Nice, that Volume pot was acting as a faucet that prevented that the "water stream" from triode 1 overflowed the "sink" of triode 2.
And, since any change in a spot of the chain propagates to following ones, the Power tube was also controlled in hat way.

Gain

But, two triodes are in the vintage ballpark, right. We wanted hi-gain amps also. So, why don't be cascade a couple of pre-amp tubes to achieve a higher gain sound?. We will have up to 4 amplifying stages in that way and, that means that we can raise the guitar signal level up to 10^4 (10,000) times , just in the pre-amp section!.
So, the cascaded gain increased:




T1 and T2 are the triodes for tube V1 and, T3 and T4 the triodes for V2.

Adding one more tube, here we are again with same "overflowing" issues we addressed before but now, the max amplifying power is around 10,000 times the original signal. That's a lot for small pre-amp tubes, indeed.

As we are overflowing each triode, the peaks of signal are being clipped and, what remains is the center portion of the signal that "fits" each triode. Result is a thick wall of sound, with poor dynamics and, highly compressed.

To have a better control of such an amount of clipping and power increase, one more pot was introduced between T3 and T4 but.... we had a pot already named volume so... which name can we give to that new pot. Well, it was called Gain, instead of Pepe and, things looked like follows:



Master Volume

While amplifiers where all Class A, single-ended, everything was ok. The last triode was acting also as the Driver, feeding the power amp section, with a controlled power given by that Volume control (between T3 and T4).

But Rock needed more energy, we love noise, indeed. Class AB amps were way more efficient, generating more energy, moving bigger speakers and creating more sound pressure. What a nice!.
Class AB, usually in pull-push topology, has two rails of power tubes (each rail with one or more tubes).
Each rail takes care about half of the signal (the positive or negtive) during aprox. the time that half takes (slightly more).

Between the pre-amp and power stages, one more small tube, called Phase Inverter, Driver or PI, will split the signal in negative and positive, sending each side to one of the rails, alternating (as pistons in an engine).
But, being the last tube in the pre-amp chain, this tube can be saturated the first and, power tubes could also being saturated with an excess of power delivered by the PI.

Oh, oh, oh. wait there!. I have an idea... one more pot?.
Yes. Sometimes you can find that pot between the PI and Power section or you could even found it before the PI. We already had names for the other two pots (gain and volume) so, we called "Master Volume" to the new one.
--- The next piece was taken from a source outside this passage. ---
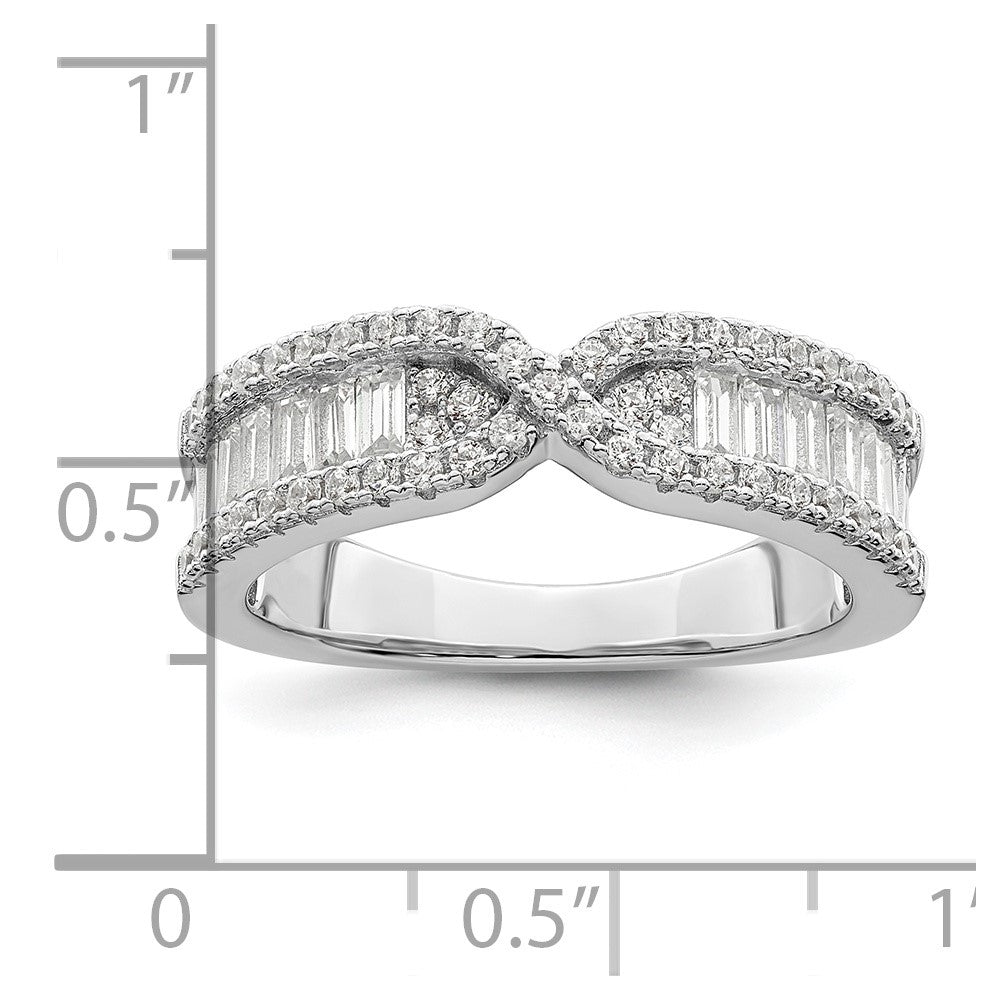 Sterlingsilber Rhodiniert Zirkonia Ring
It doesn't seem that any of hi-gain designs went further than using up to 4 gain stages in pre-amp. Amplification level at this point is so high that the signal is highly compressed and clipped. Adding one more triode will mean to have the original signal raised 100,000 times in pre-amp section, overflowing any pre-amp headroom.

This is a way the master volume could be added:






But, it could be even used like this, to avoid to overflow the PI tube:



Multi-channel Amp

There are amps with several channels, one for clean, one more for crunch and, even one more for high-gain (there are amps with even more channels, differently voiced). Those amps can be designed as having completely independent paths for each channel, with their own tubes or, they can be designed with some switches that just bypass or include some triode or triodes. By example:

In this example, signal goes first to V1, then to V2 if the channel is the Gain channel but, if we select the clean channel, we bypass V1 and go directly to V2.
But the designer, could decided that the clean channel was just triode T4 or that started in triode T2.
Or he could decided another kind of path, from T1 to T3, from T3 to T2 and from T2 to T4, by example.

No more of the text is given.